Primary themes determining market movement last year included perpetual worries over a recession which never came, along with focus on Federal Reserve monetary policy. The market spent most of the year predicting/fretting an economic recession was imminent, while at the same time dealing with multiple interest rate hikes by the Federal Reserve. Consensus opinion shifted late in the year, with belief increasing we would avoid a recession.
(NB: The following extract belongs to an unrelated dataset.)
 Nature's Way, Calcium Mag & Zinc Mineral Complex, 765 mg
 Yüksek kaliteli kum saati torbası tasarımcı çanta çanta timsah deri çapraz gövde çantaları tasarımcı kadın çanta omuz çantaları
This aligned with the highly anticipated Fed-pivot – with strong indications the Fed was not only done raising interest rates but would in fact begin cutting rates.
With forecasts of upcoming interest rate cuts by the Federal Reserve, along with other market forces, the yield on the 10-year Treasury declined from a 16-year high of over 5% earlier in the year, to close Friday just below 3.9%. As higher interest rates provide competition and act as a headwind to stock prices, the recent drop in yields has been fuel for the stock market rally. We consider the two factors of current and upcoming lower interest rates/rate cuts, along with overall belief the U.S. will avoid a recession, as the primary drivers behind the strong year-end rally and yearly gains in the stock market.
Looking back at some other notable events of 2023, the financial markets digested turmoil in the banking system (with some regional banks collapsing), fiscal drama out of Washington, geopolitical conflict and energy supply concerns from the Russia-Ukraine and Israel-Hamas wars, along with a boom in Artificial Intelligence stocks led by the Magnificent Seven. Stock market gains were concentrated in seven Wall Street favorites – Apple, Alphabet, Amazon, Microsoft, Meta, Tesla and Nvidia. The rally broadened out late in the year with more stocks and other sectors joining the party…..
The Dow Jones Industrial Average hit a series of record highs in December, and small caps came roaring back from a long period of underperformance. The Russell 2000 (a small-cap U.S. stock index) bounced back from earlier year-to-date losses and ended the year with a gain 15%. The market clearly has momentum heading into the new year, and Bulls are hoping the trend is your friend.
Along with positive momentum, the new year kicks off this week highlighted by the Jobs Report. Expectations are the U.S. Department of Labor will report the economy added 155,000 jobs last month and the unemployment rate ticked up a notch to 3.8%. Next week, believe it or not, it’s already the start of another earnings season. Investors generally expect much stronger profit growth in 2024 compared to the muted growth in 2023. Also in the mix this month, is the Federal Reserve policy meeting.
Probabilities are nearly 85% the Federal Reserve will keep interest rates unchanged at this month’s meeting, according to the CME FedWatch Tool. Further out this year, however, market expectations for those highly anticipated Fed rate cuts really ramp up. We expect Federal Reserve interest rate policy to be critically important to the markets again this year. The stock market will likely be disappointed if it does not get the interest rate cuts it is forecasting. Keep in mind though, over the long haul, earnings and earnings growth are the ultimate drivers of the stock market – so during this long holiday weekend, we are gearing up the most for earnings season!
We wish you a Happy, Healthy & Prosperous New Year!